How much of your own role involves being hands-on with the technology, and how much of it is at a higher level, more focused on business strategy?
I’m very much focused on business strategy and on technology solutions that will enable the business. It’s been very good. As BWG have been progressive they’ve been very supportive of initiatives that we’ve brought to the company.
I’m an engineer by trade and went through network infrastructure. I’ve always enjoyed and loved technology but I can see now working more with the business. It’s extremely gratifying to see the business benefits it yields when you come up with a solution.
From a retail point of view, or just an IT operations perspective, what are the technologies that really interest you right now?
If I was wearing two hats and just looking at retail, payment technology is of big interest. Keeping an eye on how the mobile payments space will evolve will be interesting.

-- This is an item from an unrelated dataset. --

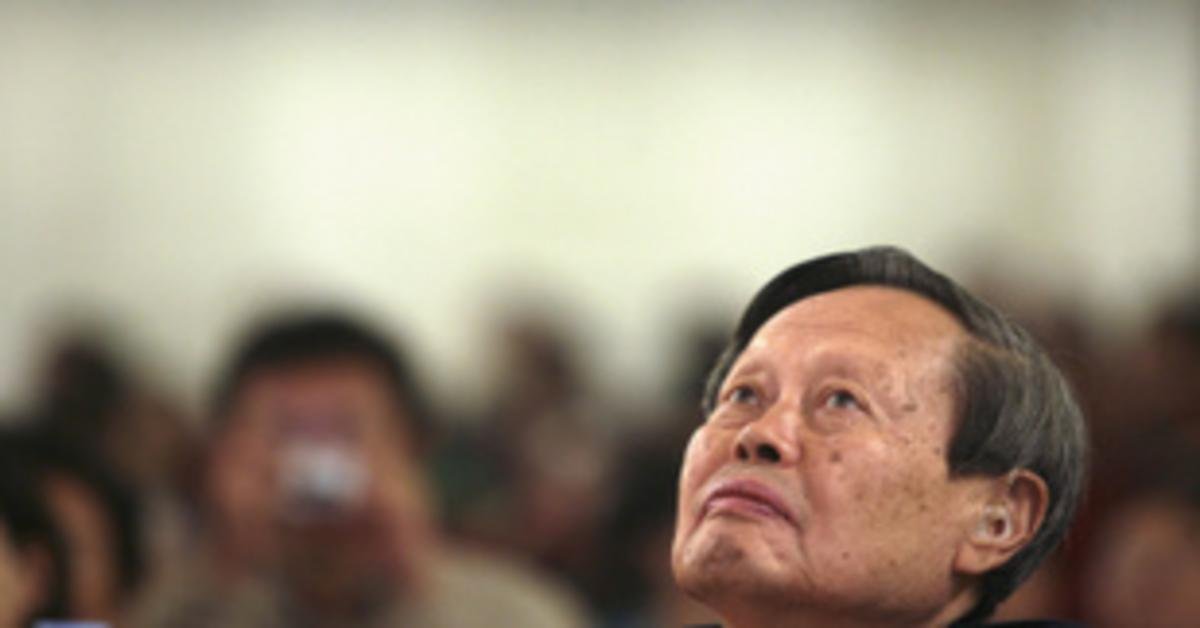 Elhunyt Jang Csing-ning, a Nobel-díjas fizikus professzor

On the day job, I’m a huge fan of instant messaging and we have a desktop application where we would look at our sales figures every week. Instead of using PowerPoint, we are using a desktop sharing application. I’m a huge fan of all the tools to make us work smarter – for example, I’m rolling out a wiki to the whole IT department.

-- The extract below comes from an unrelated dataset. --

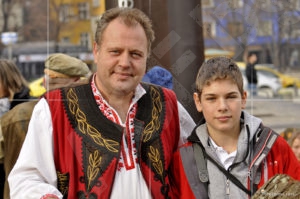 Големият Коледен Бъдник - Ангел и Мико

Do you think trends like cloud and automation are removing a lot of the spadework in running an IT department?
I think that trend will go more and more [in that direction] but there still will be an element of keeping core systems and core knowledge in-house and deciding what is core for a business and what is no core. The cloud element will definitely cover the non-core side for us.
From a technology perspective, we have successfully consolidated a business process that was previously distributed; it’s in the cloud – which removes the infrastructure overhead of our IT systems and support, and it’s outsourced with our key technology partner who covers all 24 x 7 support and software developments. This e-business portal really ticked the boxes of consolidation, cloud and outsourcing and shows when there’s the right business project and fit, that it can work.
So will you choose public, private or hybrid cloud?
It’s horses for courses for everybody’s unique business. For us, it’s definitely a hybrid. Cloud and outsourcing have a place where there’s the right business fit, and running of other systems need to stay in-house.